OANA LUNGESCU: Politico.
Q: David Herszenhorn with Politico, thanks. I wonder if your meeting you spent any time reflecting on NATO’s failure since 2008 to adjust or change Russia’s policy toward Georgia, Abkhazia and South Ossetia and if there are lessons that you’ve drawn from that failure in terms of how to approach the situation in Ukraine?
JENS STOLTENBERG: I think we need strategic patience. That was what NATO had during the Cold War and we need it also in the new security situation. What NATO has succeeded in is to provide very strong support for Georgia, political support and practical support and I just outlined all the practical measures we have undertaken with a joint training centre, with the defence institution building … defence institution building school, the different exercises and the many different activities we now are doing together with Georgia. And we have been successful in helping Georgia implementing reforms, modernizing their own defence forces, armed forces, defence institutions and the best way to protect Georgia’s integrity and territorial sovereignty and territorial integrity is by modernizing, strengthening the Georgian forces and that’s exactly what NATO is helping to do both in the NATO framework but also some allies also providing some additional support on the bilateral basis. So we have been successful in helping Georgia implementing reforms, we have been successful in helping Georgia modernizing its armed forces and building modern defence institutions but we will continue to help, we will continue to support because that is also important for NATO, peace and stability in the Caucasus, in the Black Sea region is of course also important for NATO.
OANA LUNGESCU: Washington Post.
Q: Hi.

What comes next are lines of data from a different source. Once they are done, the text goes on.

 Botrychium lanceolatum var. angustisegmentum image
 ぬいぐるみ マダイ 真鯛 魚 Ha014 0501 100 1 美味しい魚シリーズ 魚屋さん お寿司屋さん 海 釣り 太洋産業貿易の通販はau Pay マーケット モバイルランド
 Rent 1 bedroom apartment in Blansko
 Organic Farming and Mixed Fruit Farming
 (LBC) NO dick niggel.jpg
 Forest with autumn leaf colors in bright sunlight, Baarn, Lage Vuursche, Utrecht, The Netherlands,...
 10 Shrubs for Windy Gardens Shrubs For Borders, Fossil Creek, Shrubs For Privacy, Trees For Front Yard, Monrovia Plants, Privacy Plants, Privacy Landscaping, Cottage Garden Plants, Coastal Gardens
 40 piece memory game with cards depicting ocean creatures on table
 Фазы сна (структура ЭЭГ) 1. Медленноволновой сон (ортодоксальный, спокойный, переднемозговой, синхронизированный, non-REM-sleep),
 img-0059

Michael Birnbaum from the Washington Post. Just one last quick question about Secretary Mattis. I was speaking to some diplomats here last night who said if you take what Mattis was saying literally that means that you know the American guarantees for security in Europe aren’t 100 % anymore. I wanted to ask if you felt that those diplomats were misinterpreting what had been said?
JENS STOLTENBERG: Secretary Mattis confirmed the strong commitment of the United States to European security and to the NATO alliance and to our collective defence. And our collective defence commitment, our Article Five is unconditional and that was expressed clear and loudly from all the participants in the meeting yesterday and today. So this is in no way any kind of conditional security guarantees, this is absolute security guarantees, we support each other and the U.S. security guarantees is actually now strengthened not only words but also in deeds by the increased military presence of U.S. forces in Europe, with a new armoured brigade, with, which is the first time in many years that we have these kind of capabilities, U.S. capabilities in Europe, with more pre-positioned equipment, supplies and more exercises. So this is something which is clearly expressed by the Secretary of Defense but also the President in phone calls with me that the United States is committed to the alliance and to our collective security guarantees but also in deeds by increased military presence of the United States in Europe. Then what Secretary Mattis clearly stated was that the United States expects Europe and Canada to invest more in defence and if that doesn’t happen then we will have a challenge. But I think we should not speculate too much on what will happen if we don’t deliver, we should focus on delivering what we have promised. And 28 allies have promised together that they will stop the cuts in defence spending, that they will gradually increase and then move towards spending 2 % of GDP on defence. And the good thing is that we are now starting to move in the right direction. We stopped the cuts in 2015 and we have started to increase in 2016 and I actually welcome the very firm and fair message from Secretary Mattis because it helps me in pushing all allies to deliver on what they promised in 2014 on defence investments.
OANA LUNGESCU: BNS.
Q: Good afternoon Secretary General. Back to Lithuanian issues actually. There was as Lithuanian authorities call it an information attack against German battle group soldiers in Lithuania yesterday. A person accused them of raping a Lithuania girl and later the police found that the accusations were fake. Do you see it as a problem and how would you identify it and can enhanced forward presence lose credibility because of these attacks? Do NATO need to step up in order to counter such information attacks? Thank you.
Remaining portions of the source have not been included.